Data:
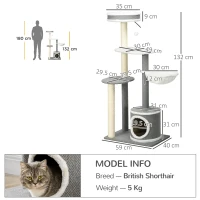 PawHut Cat Tree for Indoor Cats, Cat Tower with Scratching Posts, Multi-level Kitten Climbing Tower, 132cm(m-3)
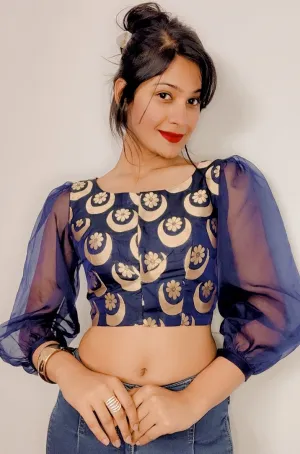 Banarasi Silk Stitched Blouse with Organza Sleeves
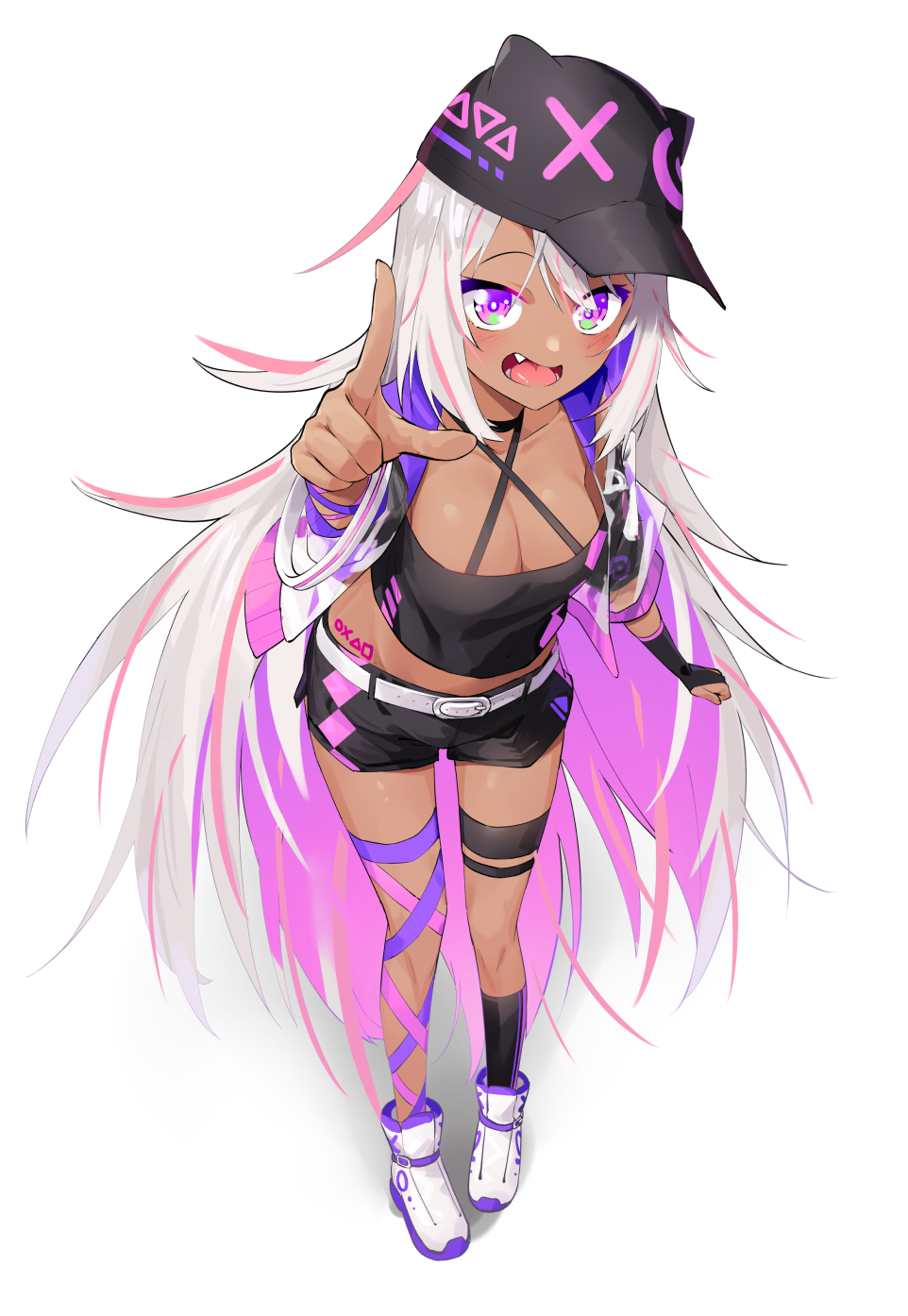 1girl, animal_ears, arm_up, asymmetrical_legwear, bangs, belt, black_choker, black_gloves
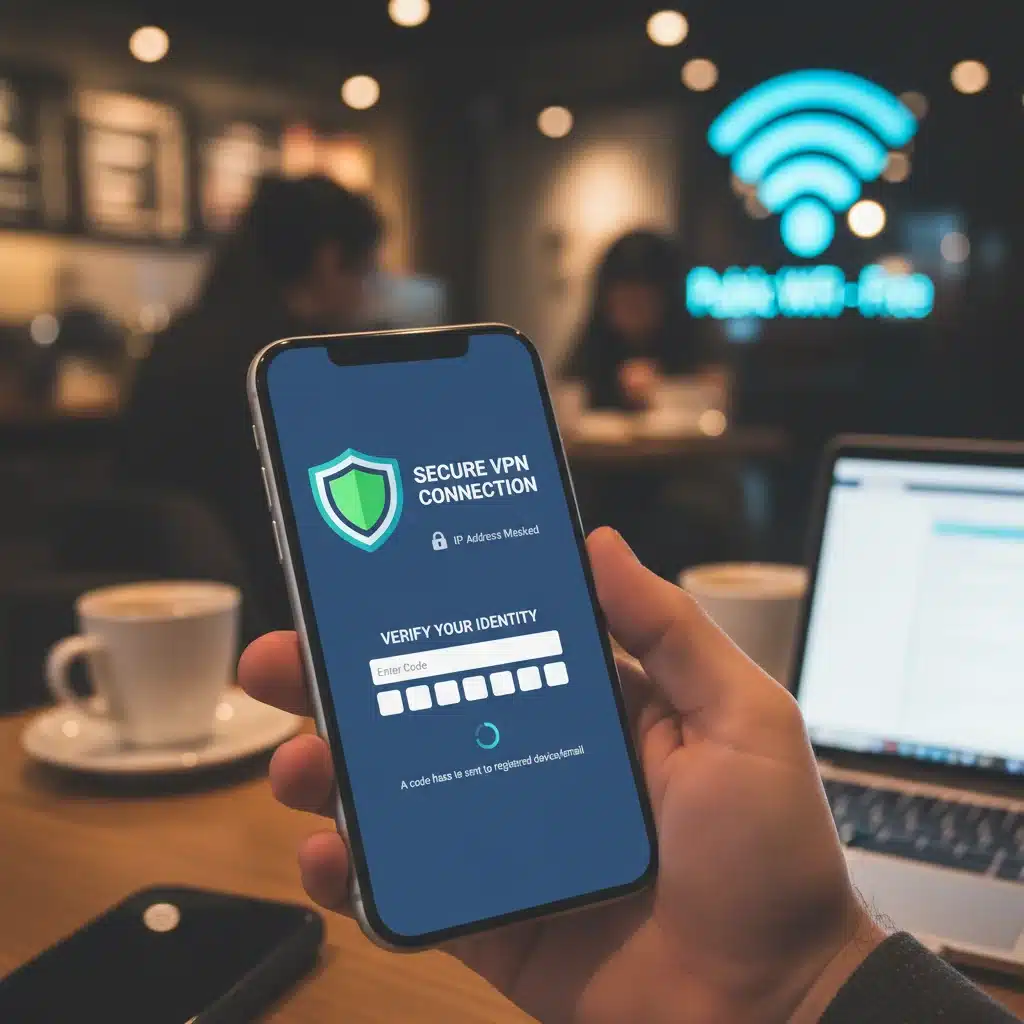 Smartphone displaying VPN and multi-factor authentication in a public setting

Work request:
Copy exactly, please, every line from the one holding "belt, black_choker, black_gloves" through the last line of the data, both ends included, and no pictures.

Solution to this exercise:
 1girl, animal_ears, arm_up, asymmetrical_legwear, bangs, belt, black_choker, black_gloves
 Smartphone displaying VPN and multi-factor authentication in a public setting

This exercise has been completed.